[Pw_forum] Parallelization
vijaya subramanian
vijaya65 at hotmail.com
Wed Jun 12 16:24:32 CEST 2013
Hi
Thanks for your response. I am willing to accept help from anyone:)
Paolo had helped me earlier regarding parallelization-
I'll try what you said.
Vijaya
UNM
> From: ttduyle at gmail.com
> Date: Wed, 12 Jun 2013 10:14:11 -0400
> To: pw_forum at pwscf.org
> Subject: Re: [Pw_forum] Parallelization
>
> Just want to be clear, I am not Paolo !!!
>
> If you need more memory, you should not increase number of cores to a
> huge number. Instead, you can ask for more nodes but use less number
> of cores per node.
>
> For instant, you can ask for 16 nodes and use 6 cores per node.
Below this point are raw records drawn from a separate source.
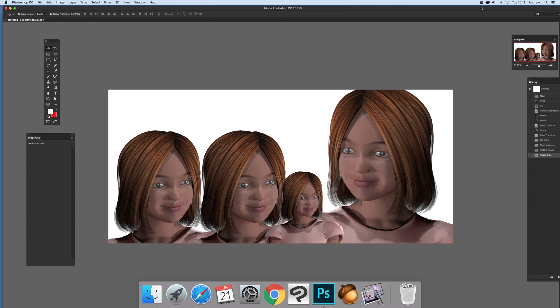2015.5 video tutorials by Andrew Buckle. In this tutorial I'm going to show you the Liquify filter and plug-in and the face detection feature, in particular applied to a number of faces.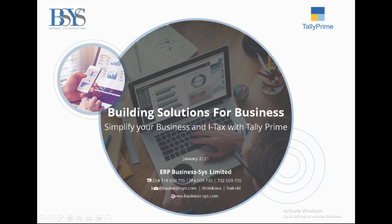Welcome to ERP Businesses Limited, Tally Software's Authorised Solution Partner in East Africa. In this video, I'll take you through E-Teams in Tally Prime.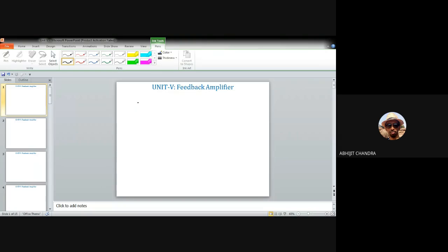Today I'll be discussing Unit 5 of the course on electronic circuits, which deals with the feedback amplifier. Although I have discussed the feedback amplifier implicitly in Unit 3 or Unit 4 while considering single-stage or multi-stage amplifiers, this particular unit deals explicitly with feedback amplifiers. You have to identify whether any feedback is present in your amplifier or not.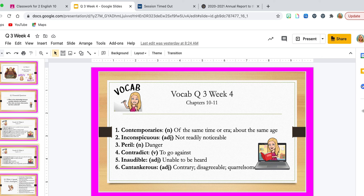'Peril' is a noun and means the same thing as danger — we're in peril, we're in danger. 'Contradict' is a verb that simply means to go against. If you contradict me, you're going against what I'm saying or doing. 'Inaudible' is an adjective meaning unable to be heard. I like to be inaudible in my singing — I move my lips and whisper the words to myself. 'Cantankerous' is an adjective meaning contrary, disagreeable, and quarrelsome. A cantankerous person is going to be very disagreeable, sometimes quarrelsome, wanting to make waves and argue with you.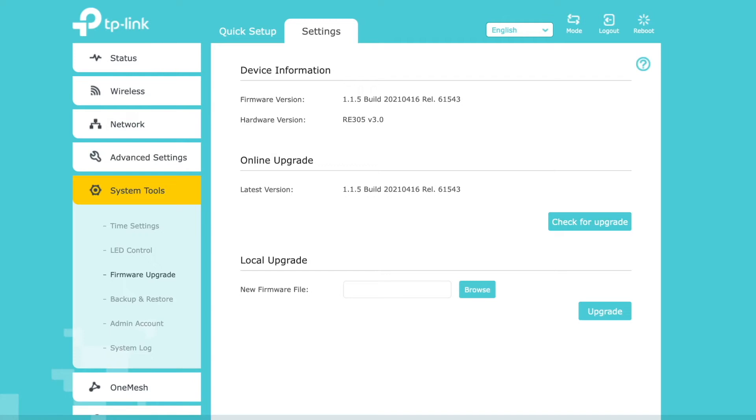I had to find out that it wasn't true. There was a newer firmware on the TP-Link website to download. So what you have to do is download this file and then use this browse dialog here, add this file and click upgrade.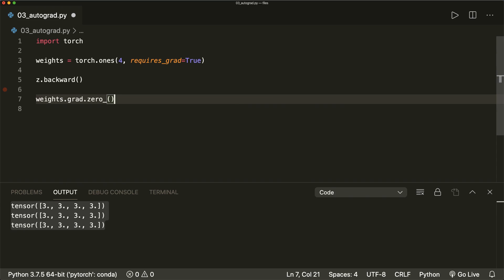And that's all I wanted to show you for now with the autograd package. The things you should remember: specify requires_grad=True when you want to calculate gradients, call backward() to calculate them, and empty the gradients with zero_() before the next iteration. I hope you liked it. Please subscribe to the channel and see you next time. Bye.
Check
> you environment, but it is highly that you need to use something like
> size = 192
> aprun -n 96 -N 6 pw.x ...
>
> If you regret to waste 1/2 node, check OPENMP for options.
>
>
> ----------------------------------------------------
> Duy Le
> Postdoctoral Associate
> Department of Physics
> University of Central Florida.
> Website: http://www.physics.ucf.edu/~dle
>
>
> On Tue, Jun 11, 2013 at 3:57 PM, vijaya subramanian
> <vijaya65 at hotmail.com> wrote:
> > Hi Paolo
> > I am running an scf calculation on gold slabs. I have somewhat limited
> > resources on a supercomputer
> > and would like to optimize my runs. (Cray XT5 with 9,408 compute nodes
> > interconnected with the SeaStar router through HyperTransport. The SeaStars
> > are all interconnected in a 3-D torus topology. It is a massively parallel
> > processing (MPP) machine. Each compute node has two six-core 2.6 GHz AMD
> > Opterons for a total of 112,896 cores. All nodes have 16 Gbytes of DDR2
> > memory: 1.33 Gbytes of memory per core.)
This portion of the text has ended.